VAST swathes of South Lakeland, north Lancashire and the Eden Valley are to be considered for designation as National Park status.
The Countryside Agency the Government body charged with looking after rural England is on the verge of engaging consultants to look at the merits of designating an area almost 50 miles long from Penrith to Lancaster as National Park or as an Area of Outstanding Natural Beauty.
The area under investigation, which includes the towns of Kirkby Lonsdale, Milnthorpe and Appleby, falls between the current boundaries of the Lake District and the Yorkshire Dales national parks and the North Pennines Area of Outstanding Natural Beauty (AONB), the Arnside and Silverdale AONB and the Forest of Bowland AONB. The area does not include Kendal.
A letter from the agency to National Park bosses in the Lake District and the Yorkshire Dales says: "The Agency is about to commission research into the quality and natural beauty of land between the Lake District National Park and the Yorkshire Dales National Parkto help inform a decision about whether the Agency might consider the designation of any of this land as national park or AONB".
The agency expects to see the consultants report by March 2005.
The boundaries of the national parks have not changed since their inception 50 years ago. But the Countryside Agency has just this summer designated the New Forest in Hampshire as the first new national park in Britain for half a century the process took around five years.
Peter Bullard, director of Cumbria Wildlife Trust, described the current situation in this county as: "a very bizarre anomaly from a wildlife point of view."
He said: "We think it would be a very sensible idea. It seems to make so much sense that the boundaries of the designated areas should meet somewhere to recognise the importance of the landscape and wildlife habitat in between.
"There is just as much quality wildlife habitat and landscape value to the east of the A6 as there is to the west.
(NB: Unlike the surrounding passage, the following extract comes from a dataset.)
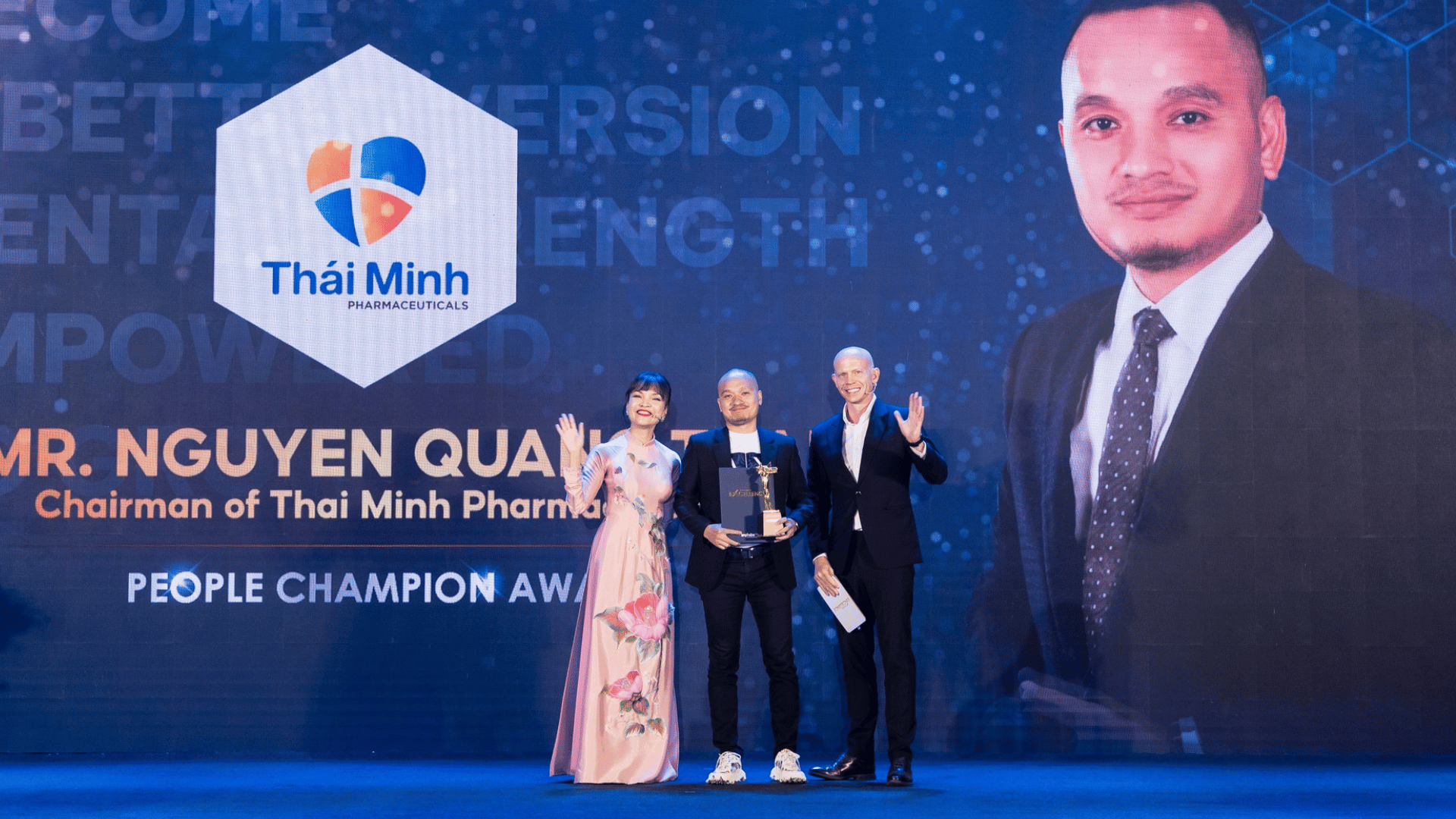 Chairman of Thai Minh Pharmaceuticals accepting Vietnam Excellence Award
To say that the southern half of the Howgills is worthy of national park status and the northern half is not makes no sense.
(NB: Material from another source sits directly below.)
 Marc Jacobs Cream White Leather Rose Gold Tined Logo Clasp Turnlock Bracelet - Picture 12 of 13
"In their new mode, having just created the New Forest National Park, it is logical for the agency to have a look at ironing out some obvious anomalies like this one."
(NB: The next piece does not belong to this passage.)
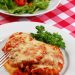 Receita de família: Aprenda a preparar sem complicação uma parmegiana de berinjela com burrata
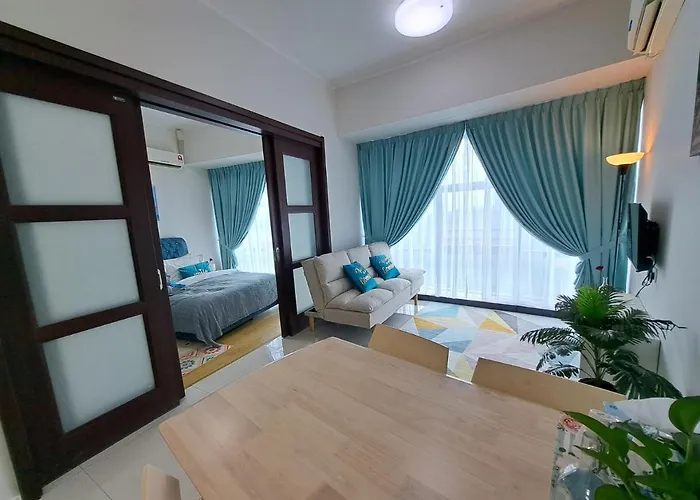 Cozy Home Country Garden At Dangabay Of Jb, Free Wifi And Streaming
He added that he had little doubt that any consultants would come easily to the conclusion that this landscape deserved designation as national park or AONB.
Peter Stephenson is a director of Kendal-based environmental and landscape planning consultants Stephenson Halliday Ltd.
He told the Gazette that, if the area were to be included in a national park or given AONB status, it would have marginal impact on development in the area as planning policy in the open countryside was already incredibly restrictive.
Mr Stephenson explained that the land in question was already designated as County Landscape in local structure plans. But he said the classification of any land as national park or AONB would confer the highest status of government protection and the conservation of the natural beauty of the landscape would be given great weight in all planning policy and development control.
"It follows that there would be even more restrictive planning policy in that area," he said.
He said householders who found themselves within any new boundary might have more difficulty getting planning permission for large extensions, but said the real impact on the ground would be limited.
Countryside Agency spokes-woman Olivia Assheton said the agency board members had decided to consider the issue following a visit to the area in May this year.
"It is absolutely not the result of pressure from any outside group," she said, and stressed that it was still very early in the process. She said the agency had made no presumption that all or any of the area would eventually become National Park or AONB and that no changes would be made without extensive public consultation.